**PROBLEM DETAILS:** Only an exact copy belongs in the answer: the line with "Moto Edge 60 Fusion" and every line after it through the end of the records, pictures left out.

GIVEN INFORMATION: Begin

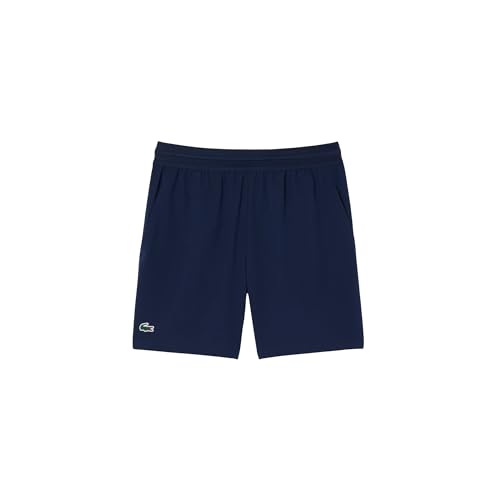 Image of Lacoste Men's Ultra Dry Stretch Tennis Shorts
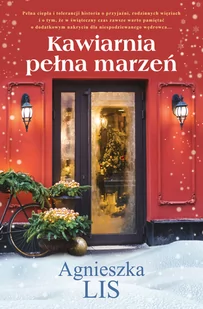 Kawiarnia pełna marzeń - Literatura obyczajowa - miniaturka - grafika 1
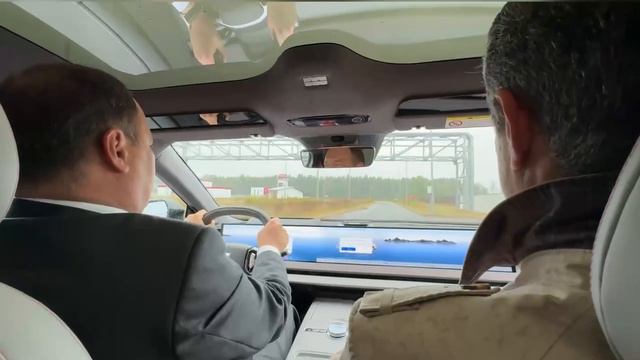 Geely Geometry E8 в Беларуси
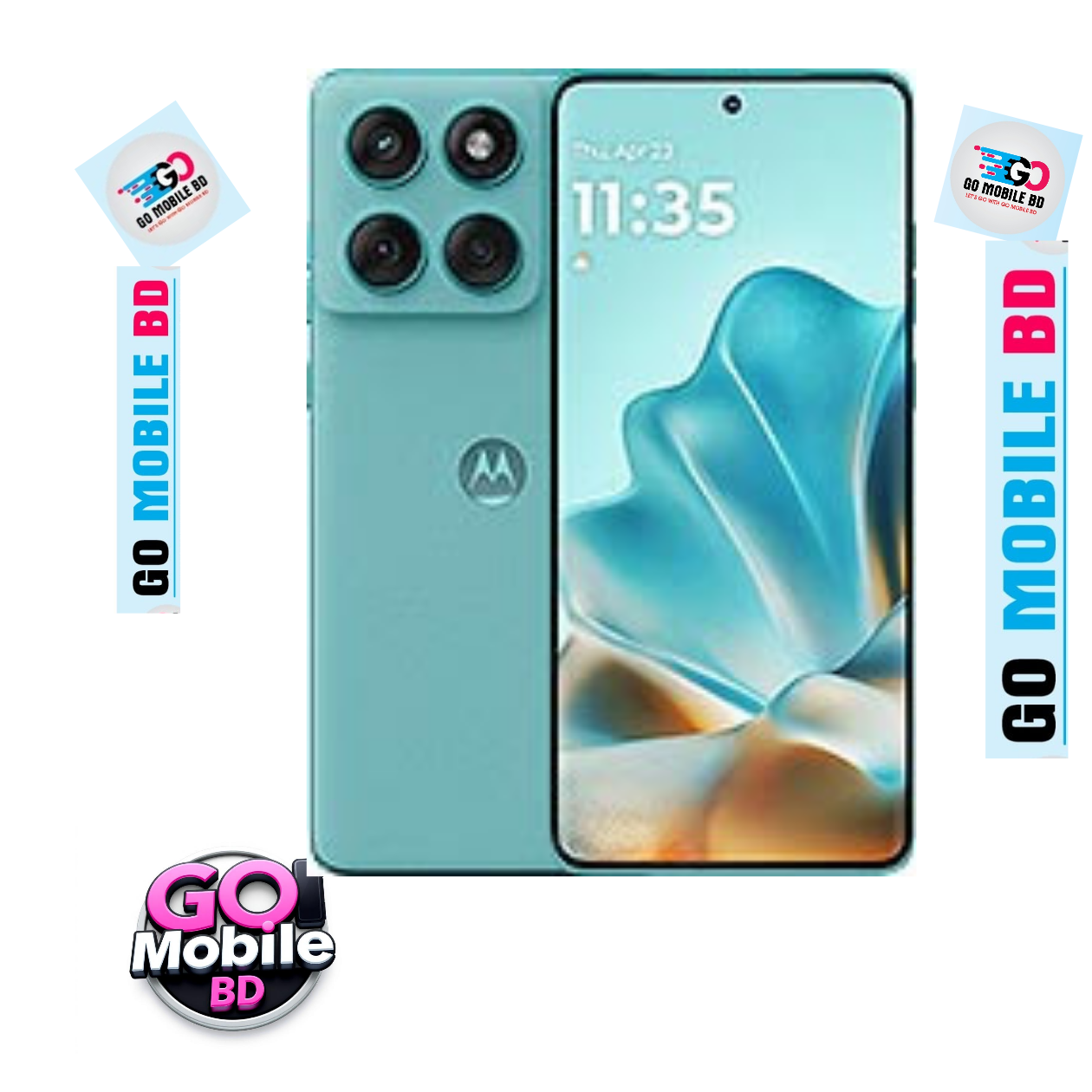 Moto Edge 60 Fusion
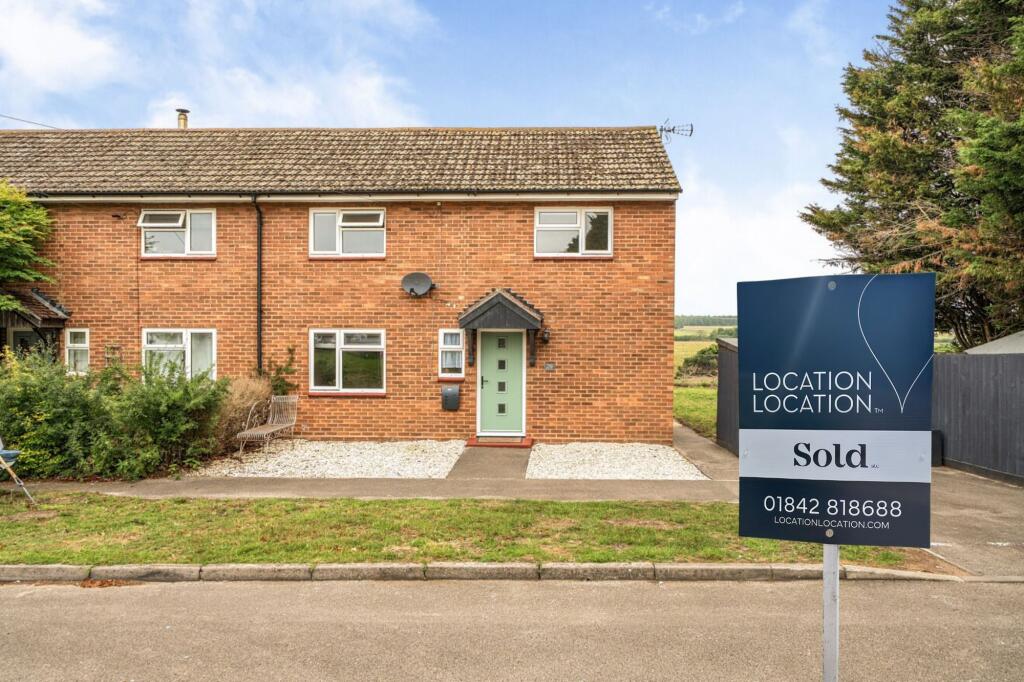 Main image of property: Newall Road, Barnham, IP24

GIVEN INFORMATION: End

**REPLY TO THE EXERCISE:**
 Moto Edge 60 Fusion
 Main image of property: Newall Road, Barnham, IP24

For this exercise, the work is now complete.